The increasing sophistication of cyber threats has necessitated the development of advanced detection mechanisms capable of identifying malicious activities with high precision and efficiency. A novel approach, termed Autonomous Feature Resonance, is introduced to address the limitations of traditional ransomware detection methods through the analysis of entropy-based feature interactions within system processes. The proposed method achieves an overall detection accuracy of 97.3\%, with false positive and false negative rates of 1.8\% and 2.1\%, respectively, outperforming existing techniques such as signature-based detection and behavioral analysis. Its decentralized architecture enables local processing of data, reducing latency and improving scalability, while a self-learning mechanism ensures continuous adaptation to emerging threats. Experimental results demonstrate consistent performance across diverse ransomware families, including LockBit 3.0, BlackCat, and Royal, with low detection latency and efficient resource utilization. The method's reliance on entropy as a distinguishing feature provides robustness against obfuscation techniques, making it suitable for real-time deployment in high-throughput environments. These findings highlight the potential of entropy-based approaches to enhance cybersecurity frameworks, offering a scalable and adaptive solution for modern ransomware detection challenges.

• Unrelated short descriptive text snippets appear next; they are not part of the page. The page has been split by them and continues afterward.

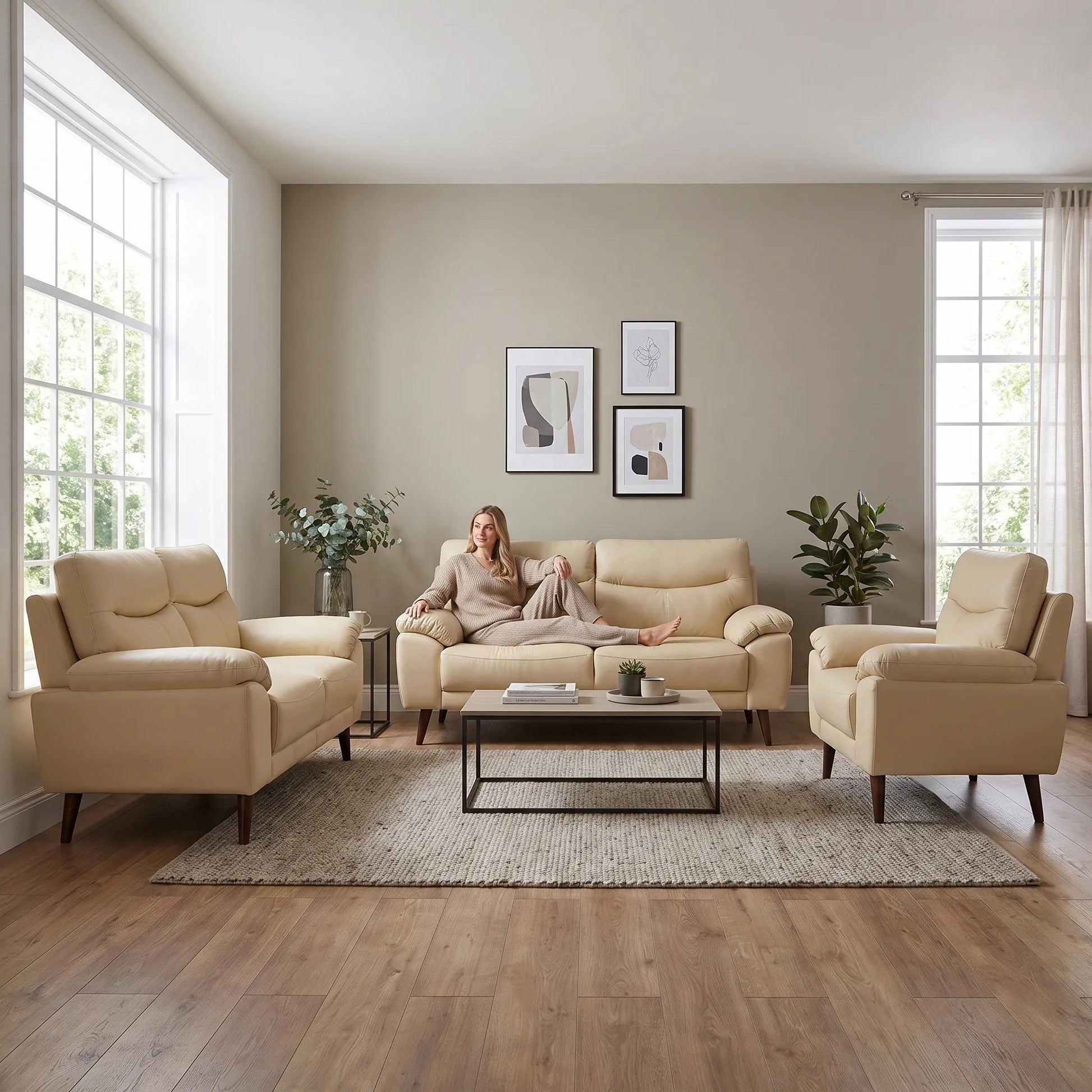 Vantage Genuine Leather Cream 3+2+1 Seater Sofa Set - Furniture Instore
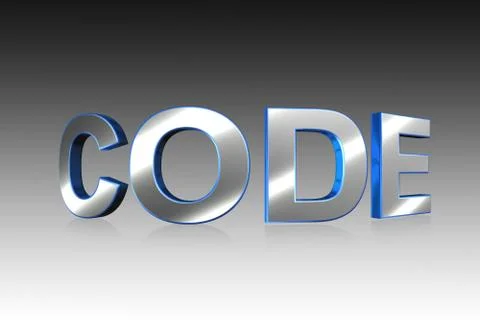 CODE lettering - 3D illustration 스톡 일러스트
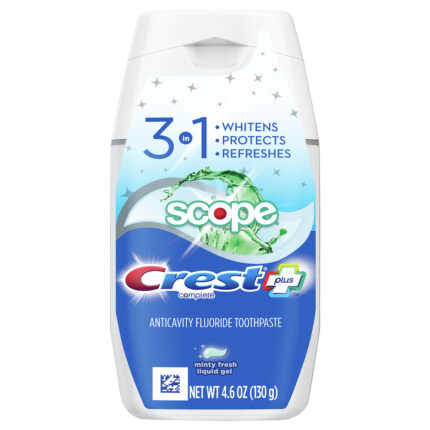 Crest, Complete Plus Scope 1 Whitening Liquid Gel Toothpaste, Case Of 6, 4.6 Oz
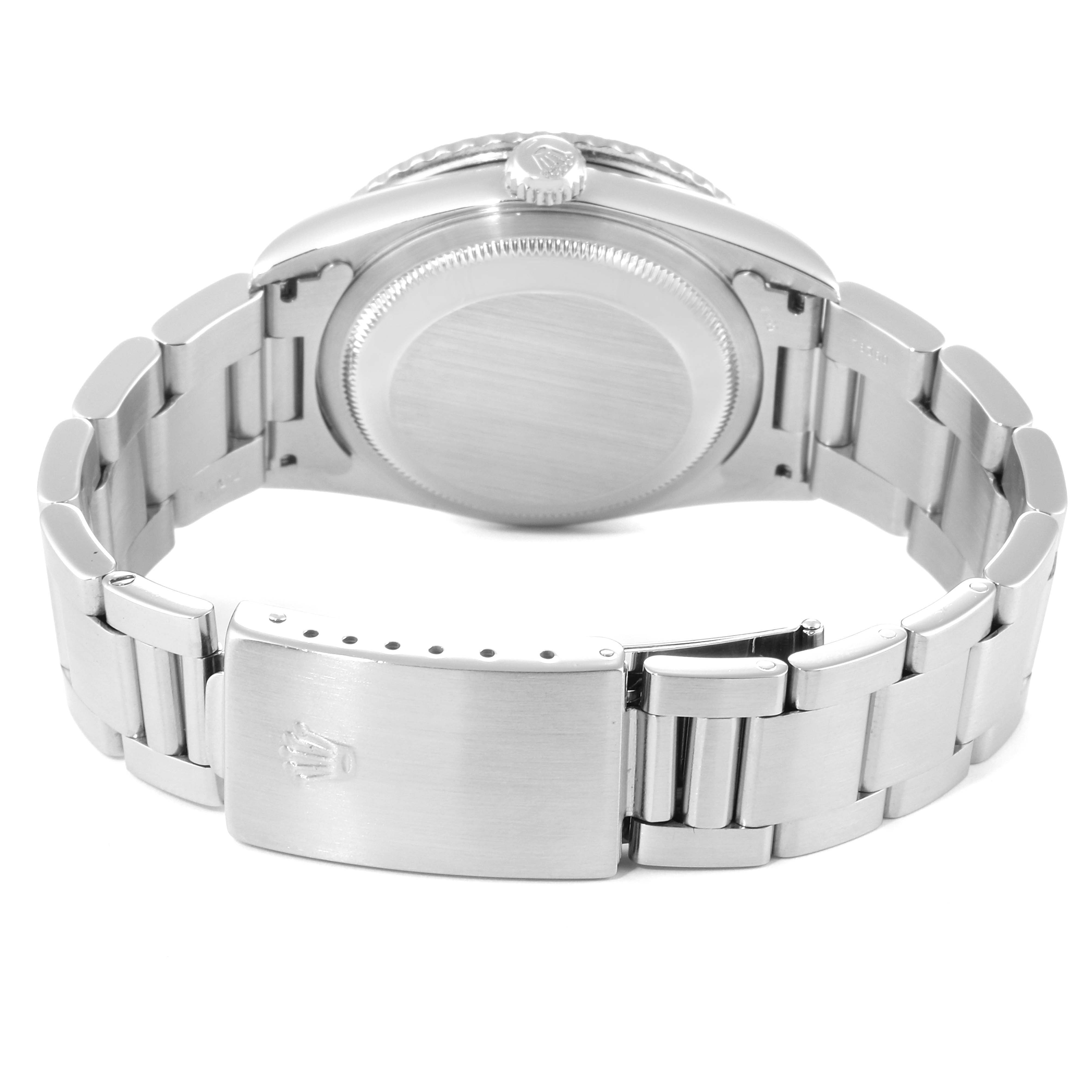 This image shows the back and clasp of a Rolex Turn-o-Graph 16264 Men
s Stainless Steel Black Dial 16264 Men
s Stainless Steel Black Dial watch.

翻译：网络威胁日益复杂化，亟需开发能够以高精度和高效率识别恶意活动的高级检测机制。本文提出一种名为自主特征共振的新方法，通过分析系统进程中基于熵的特征交互，以解决传统勒索软件检测方法的局限性。所提方法实现了97.3%的整体检测准确率，误报率和漏报率分别为1.8%和2.1%，其性能优于基于特征的检测和行为分析等现有技术。其分布式架构支持数据的本地化处理，降低了延迟并提升了可扩展性，而自学习机制确保了对新兴威胁的持续适应能力。实验结果表明，该方法在包括LockBit 3.0、BlackCat和Royal在内的多种勒索软件家族上均表现出一致的性能，具有较低的检测延迟和高效的资源利用率。该方法以熵作为区分特征，使其对混淆技术具有鲁棒性，适合在高吞吐量环境中进行实时部署。这些发现凸显了基于熵的方法在增强网络安全框架方面的潜力，为应对现代勒索软件检测挑战提供了一种可扩展且自适应的解决方案。